Seguidamente, subieron al niño al trono, ocupado anteriormente por la efigie, para proclamarle rey, al grito de: ¡Castilla por el rey don Alfonso! Finalizando con la ceremonia de besamanos; mientras tanto, el pueblo pisoteaba y jugaba con el muñeco que había estado en el teatrillo, figurando como rey.

Estas prácticas de juicios con esfinge fueron una constante casi hasta las primeras décadas del siglo XIX, con la recuperación de la Inquisición tras la llegada de Fernando VII. Es cierto que el mayor número de estos procesos, con la ausencia del enjuiciado, tuvieron lugar durante los siglos XVI y XVII. Por lo general, se trataba de hombres y mujeres que no habían superado las fases de interrogatorio, con unas condiciones pésimas de prisión a las que acompañaban reiteradas sesiones de tortura; pero los tribunales tenían una consigna, que era la de llevar hasta el final el cumplimiento de las penas, por lo que, si el reo era condenado a la hoguera, el día de la celebración del acto de fe y había fallecido, se le procesionaba junto al resto de condenados mediante una efigie de madera, siendo colocada en la hoguera como uno más de los condenados presentes.

Teatrillo de Ávila,(Museo del Prado)

Conclusiones:

Cuando analizamos cualquier capítulo de nuestro pasado histórico, nos damos cuenta de lo conveniente que es tenerlo presente, sobre todo para no reiterar errores. Esto lo podemos aplicar a todos los ámbitos de la vida. Hoy he querido acercarme a un capítulo que es el de la justicia, porque, de forma reiterada, vemos comportamientos en los cuales priman más los intereses de diferente tipo que el mandato de impartir una justicia que obedezca a su nombre. Como hemos visto, cuando la justicia se deja llevar por supersticiones u otras influencias que se alejan del razonamiento, nos encontramos con disparates que, como hemos visto con el juicio a las ratas, puede que despierten hilaridad, pero que en su tiempo fueron aceptados con toda rigurosidad.

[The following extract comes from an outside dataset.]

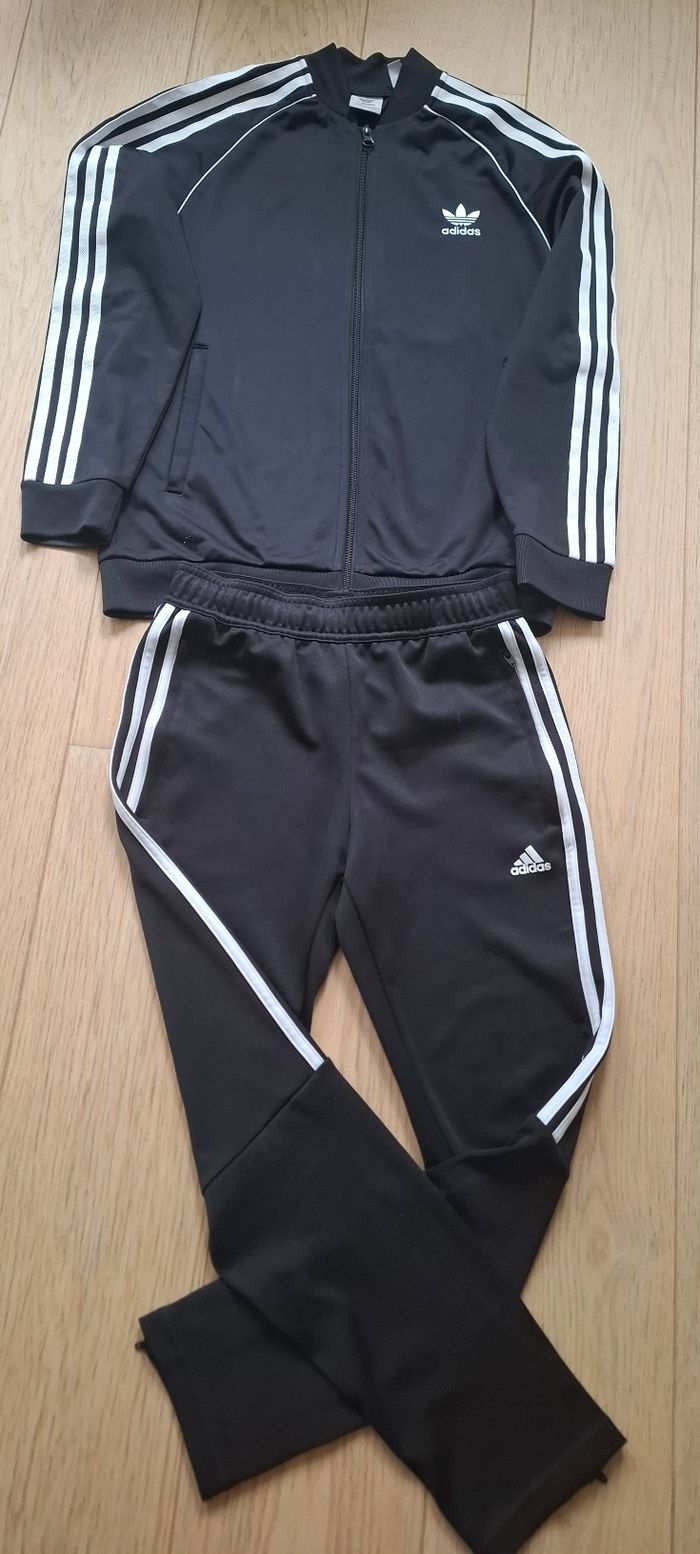 Lot Adidas noir bandes blanches - photo numéro 2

Para finalizar mi artículo de hoy, creo conveniente extraer del poema “Romero sólo”, de León Felipe, los siguientes versos:

“Un día
todos sabemos/ hacer Justicia. Tan bien como el rey/hebreo/la hizo Sancho el
escudero/ y el villano Pedro Crespo…”

Creo que este grande entre los grandes poetas que parió este pueblo llamado España merece que terminemos con estos versos, que nos invitan a reflexión.